In Numbers: How the SCs, STs Voted and the Curious Case of Caste Arithmetic Failure
In Numbers: How the SCs, STs Voted and the Curious Case of Caste Arithmetic Failure
The BJP-led NDA coalition made massive gains in the Hindi heartland, and virtually decimated the Opposition’s caste-based alliances in UP and Bihar, where it triumphed over 103 of the total 120 seats.

New Delhi: When the Narendra Modi-led National Democratic Alliance (NDA) in a historic mandate, stormed back to power and won 353 Lok Sabha seats on Thursday, it were the results from Uttar Pradesh and Bihar that drew maximum attention from the political pundits.

The BJP-led NDA coalition made massive gains in the Hindi heartland, and virtually decimated the Opposition’s caste-based alliances in UP and Bihar, where it triumphed over 103 of the total 120 seats.

In the build-up to the 2019 Lok Sabha elections, the two grand alliances or the mahagathbandhans – the Samajwadi Party (SP)-Bahujan Samaj Party (BSP) and Rashtriya Lok Dal in UP, and the Congress-Rashtriya Janata Dal with others in Bihar – were hailed as the main challengers to the Modi Juggernaut.

However, to everyone’s surprise the caste calculus of the alliances failed miserably, with the RJD drawing a blank in Bihar, even as the SP-BSP managed to bag 15 seats in UP.

The Bharatiya Janata Party (BJP) president Amit Shah, dubbed the party's success in these states as the rejection of caste-based politics and said that "it was a befitting reply" to those promoting it.

While the failure of SP-BSP is a case in point with several factors contributing to it, News18.com analysed constituencies across the country where Scheduled Castes (SCs) and the Scheduled Tribes (STs) form a significant share of the population to understand how they voted in 2019.

Based on Census 2011, there are just three constituencies where the SCs account for more than 40 per cent of the population.

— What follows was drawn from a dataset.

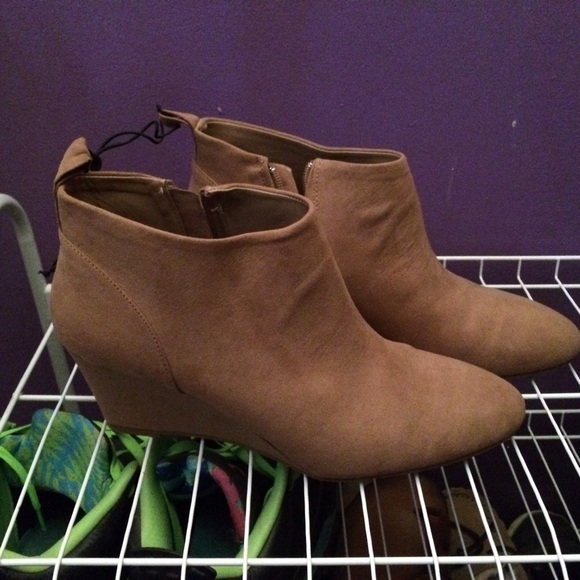 Forever 21 Nude Zip up Wedges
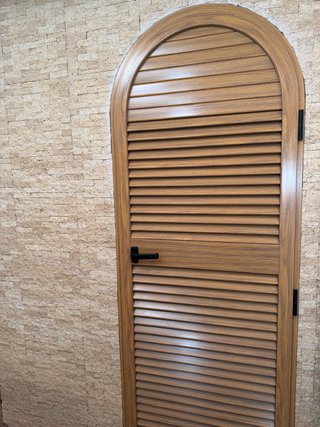Puerta aluminio imitación madera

All three of these seats – Bangaon, Cooch Behar, and Jalpaiguri – fall in the state of West Bengal and have unanimously voted for the BJP.

Breaching the impregnable fortress of Trinamool Congress (TMC) in Bengal, which had won all three of these seats in 2014, the BJP has made significant overall gains in the state this election.

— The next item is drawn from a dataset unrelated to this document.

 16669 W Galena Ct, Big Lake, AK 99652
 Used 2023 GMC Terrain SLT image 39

Apart from this, there are 16 constituencies where SC populations falls in the range of 30-40 per cent of the population and 129 others where the community constitutes for 20 to 30 per cent of the electorate.

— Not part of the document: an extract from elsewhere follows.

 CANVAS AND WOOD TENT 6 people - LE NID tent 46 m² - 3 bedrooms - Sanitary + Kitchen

On the back of its overall sweep, the saffron party bagged 80 of these 145 seats across states, while the majority of remaining seats were secured by regional parties like the Dravida Munnetra Kazhagam in Tamil Nadu, TMC in West Bengal, and Biju Janata Dal in Odisha, among others.

This staggering success of the BJP also invalidates the notion that the SCs do not vote for upper-caste parties, which the BJP is considered to be by some.

These seats however, don’t exhibit a fixed pattern of voting. Consider this, in 2014, the BJP won 67 of these seats but in 2009, the Congress had won the highest number of seats at 45 to emerge as the single-largest party.

How Scheduled Tribes Voted

There are 66 of the total 543 constituencies where STs constitute a substantial portion of the population spread across Rajasthan, Madhya Pradesh, Gujarat, Chhattisgarh, and Odisha. Among these, the Tribals account for more than 40 per cent of the electorate in 37 constituencies. In fact, majority of these seats include those where STs are as many as 60-70 per cent of the total population. However, as is the case with SC seats, these constituencies, too, tend to tilt towards the dominant discourse and pattern of voting.

For instance, the BJP won 22 of these seats in 2019, while it had bagged 23 in 2014. On both the occasions, the BJP registered a pan-India landslide. In contrast, when the Congress emerged as the largest party in 2009, the BJP could only manage to win nine of these seats as against the grand old party’s tally of 21.

Seats with relatively less concentrated tribal population behave the same way. Of the 11 seats with ST population in the range of 30-40 per cent and 18 seats with 20-30 per cent ST population, the BJP won 6 and 16, respectively this time. The party had won 14 of these 24 seats combined in 2014.

As the party made inroads in Odisha this time, its performance visibly improved over 2014. However, when in 2009, there was no such wave in favour of the BJP, the party could only secure eight of these seats, while Congress went home with 11.